- Directed by: Stavros Kazantzidis
- Written by: Stavros Kazantzidis
- Produced by: Ann Darrouzet
- Starring: Naveen Andrews Miranda Otto Noah Taylor Hugo Weaving Ben Mendelsohn Kimberley Davies
- Cinematography: Laszlo Baranyi
- Edited by: Ken Sallows
- Music by: Martin Lubran, David Bowers
- Distributed by: NewVision (Australia); Beyond (international)
- Release date: 1997;
- Running time: 94 minutes
- Country: Australia
- Language: English
- Budget: A$2.4 million
- Box office: A$519,573 (Australia)(Australia)

= True Love and Chaos =

True Love and Chaos is a 1997 Australian film directed by Stavros Efthymiou. It is a road movie.

Efthymiou managed to get the film funded on the basis of the success of Love and Other Catastrophes.

True Love and Chaos is a warm and humorous story of human fallibilities, a young woman's rite of passage, familial ties, and the on-going search for simple and pure relationships.

==Plot==
Mimi (Miranda Otto), a twenty-something backing singer with a country band and waitress, is returning home to make peace with her mother who lives in Perth, and hopefully get her to tell her the name of her father. Mimi wants her boyfriend Hanif (Naveen Andrews), to accompany her, but he procrastinates. Though he clearly cares for her, he also fears commitment.

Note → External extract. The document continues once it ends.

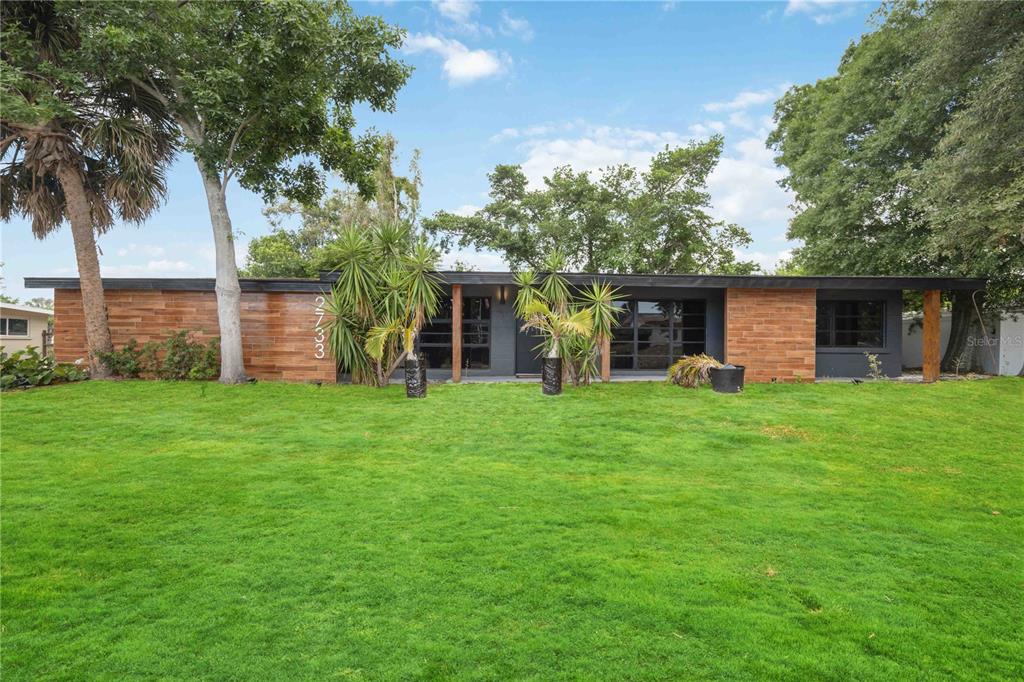 front view of a house with a yard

Hanif becomes involved in a drug theft masterminded by his lovesick junkie friend, Dean (Noah Taylor), who has been attracted to his violent brother’s girlfriend, Ariel (Kimberley Davies). Together Hanif and Dean steal a cache of drugs from Dean’s brother, Jerry (Ben Mendelsohn). Hanif and Dean escape Melbourne by joining Mimi on her journey westwards. Hanif concocts half-truths and keeps Mimi oblivious to the stolen drugs. Mimi shows obvious signs of being pregnant, but Hanif is slow to understand. Jerry learns Hanif and Dean's destination and sets out in hot pursuit, with hatred in his heart and a gun in his pocket, purchased from a marina security guard, Crazy Craig (Hung Le).

On the road Mimi meets Morris (Hugo Weaving), a charming cynic and alcoholic bearded singer in the Leonard Cohen/Nick Cave style who has ended up in a cover band. Morris joins them, despite Hanif's resentments. Mimi tells Morris that she has never known her father and had left home because her mother refused to disclose anything about him. Mimi also tells Morris that she believes, "If you're good, good things will happen to you." Morris encourages Mimi to take her singing seriously. Hanif becomes jealous of their growing friendship. Hanif is also disturbed to discover that Dean has been unable to shake his drug habit.

In a small town Mimi wins a karaoke singing competition. Morris makes a pass at Mimi. This upsets and confuses her. As the foursome drive towards Perth, Jerry suddenly appears and attempts to run them off the road. Mimi is furious and demands to know the truth. Dean confesses to stealing Jerry's drugs. Mimi has had it with Hanif. She tells him that it's over between them. Hanif finally realises that Mimi is pregnant.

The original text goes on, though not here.